Lawsuit filed: A wrongful death lawsuit was filed this week against a driver accused of killing two Royal Palm Beach High School students and injuring two others as they waited at a bus stop in March. The lawsuit against Angel Lopez is the first expected to be filed in Palm Beach County Circuit Court. Lopez — who faces charges in connection with the crash that killed Wazir Chand — was charged in the death of 15-year-old Tiana Johnson and for causing serious injury to Khio Phan, 17, and Rondell Lawrence, 16. Palm Beach Post.

ACT score slide: Scores on the ACT college admissions test by this year’s high school graduates hit their lowest point in more than 30 years. The class of 2022’s average ACT composite score was 19.8 out of 36, the first time since 1991 that the average fell below 20. In addition, an increasing number of high school students failed to meet subject-area benchmarks set by the ACT. NPR. Associated Press. The 74.

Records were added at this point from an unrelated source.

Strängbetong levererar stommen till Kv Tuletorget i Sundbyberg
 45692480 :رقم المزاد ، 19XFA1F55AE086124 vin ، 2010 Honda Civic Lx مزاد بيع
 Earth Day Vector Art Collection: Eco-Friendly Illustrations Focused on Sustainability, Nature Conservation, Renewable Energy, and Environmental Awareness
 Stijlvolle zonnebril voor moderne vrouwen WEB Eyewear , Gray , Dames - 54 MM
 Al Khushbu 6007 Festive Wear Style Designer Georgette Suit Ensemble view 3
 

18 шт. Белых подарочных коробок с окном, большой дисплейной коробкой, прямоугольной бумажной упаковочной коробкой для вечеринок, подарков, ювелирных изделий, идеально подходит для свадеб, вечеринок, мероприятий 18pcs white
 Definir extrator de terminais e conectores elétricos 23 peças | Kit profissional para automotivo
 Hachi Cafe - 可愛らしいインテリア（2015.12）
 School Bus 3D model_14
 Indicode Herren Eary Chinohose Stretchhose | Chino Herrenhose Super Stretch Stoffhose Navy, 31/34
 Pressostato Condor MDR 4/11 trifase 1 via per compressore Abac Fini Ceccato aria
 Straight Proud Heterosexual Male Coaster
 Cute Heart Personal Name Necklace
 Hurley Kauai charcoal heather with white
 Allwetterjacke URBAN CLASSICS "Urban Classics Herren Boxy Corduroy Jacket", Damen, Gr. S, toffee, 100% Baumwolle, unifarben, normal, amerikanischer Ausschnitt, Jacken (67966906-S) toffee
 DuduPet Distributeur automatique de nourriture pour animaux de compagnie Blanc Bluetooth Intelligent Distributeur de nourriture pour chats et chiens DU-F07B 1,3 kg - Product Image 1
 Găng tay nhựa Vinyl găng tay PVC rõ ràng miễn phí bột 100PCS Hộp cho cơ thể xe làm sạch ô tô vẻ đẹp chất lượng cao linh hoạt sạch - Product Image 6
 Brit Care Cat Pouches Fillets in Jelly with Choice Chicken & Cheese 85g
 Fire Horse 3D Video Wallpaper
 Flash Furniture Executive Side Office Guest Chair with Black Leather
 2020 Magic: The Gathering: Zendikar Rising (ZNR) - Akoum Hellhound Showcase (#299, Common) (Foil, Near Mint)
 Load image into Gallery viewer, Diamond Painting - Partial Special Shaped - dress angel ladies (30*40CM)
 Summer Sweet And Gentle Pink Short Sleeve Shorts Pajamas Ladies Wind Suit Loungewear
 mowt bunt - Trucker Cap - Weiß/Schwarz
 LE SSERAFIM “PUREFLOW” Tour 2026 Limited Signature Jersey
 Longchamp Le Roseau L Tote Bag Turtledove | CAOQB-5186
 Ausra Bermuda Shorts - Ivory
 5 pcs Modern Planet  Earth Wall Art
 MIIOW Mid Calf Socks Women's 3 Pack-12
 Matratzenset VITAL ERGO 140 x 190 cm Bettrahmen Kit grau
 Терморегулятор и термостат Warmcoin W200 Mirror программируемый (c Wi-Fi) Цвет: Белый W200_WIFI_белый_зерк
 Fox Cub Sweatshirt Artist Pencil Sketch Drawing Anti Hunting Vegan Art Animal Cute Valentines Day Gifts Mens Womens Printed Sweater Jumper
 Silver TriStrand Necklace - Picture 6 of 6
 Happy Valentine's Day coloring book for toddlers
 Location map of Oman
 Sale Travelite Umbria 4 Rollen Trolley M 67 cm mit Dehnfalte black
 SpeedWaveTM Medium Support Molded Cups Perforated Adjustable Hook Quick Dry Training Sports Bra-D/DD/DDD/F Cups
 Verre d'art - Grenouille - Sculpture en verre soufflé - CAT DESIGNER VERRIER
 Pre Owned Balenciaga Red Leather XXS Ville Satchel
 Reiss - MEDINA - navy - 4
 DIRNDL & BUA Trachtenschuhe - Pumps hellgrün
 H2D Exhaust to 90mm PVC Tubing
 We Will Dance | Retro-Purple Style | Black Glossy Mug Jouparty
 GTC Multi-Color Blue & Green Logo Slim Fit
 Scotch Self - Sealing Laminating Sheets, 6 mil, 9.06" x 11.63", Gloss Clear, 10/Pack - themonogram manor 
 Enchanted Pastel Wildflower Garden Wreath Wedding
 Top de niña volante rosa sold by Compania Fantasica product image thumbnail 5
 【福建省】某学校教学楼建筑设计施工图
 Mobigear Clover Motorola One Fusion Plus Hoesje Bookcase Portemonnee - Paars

National Walk to School Day: In 1997, The Partnership for a Walkable America organized National Walk to School Day. The annual event attempts to build community awareness for walkable and bikeable communities. Tampa Mayor Jane Castor participated for the past three years. “Events like National Walk to School Day showcase the importance of walking to school, while also making drivers aware that they should be alert and slow down while students may be crossing the road,” Castor said. Tampa Bay Times. WTSP.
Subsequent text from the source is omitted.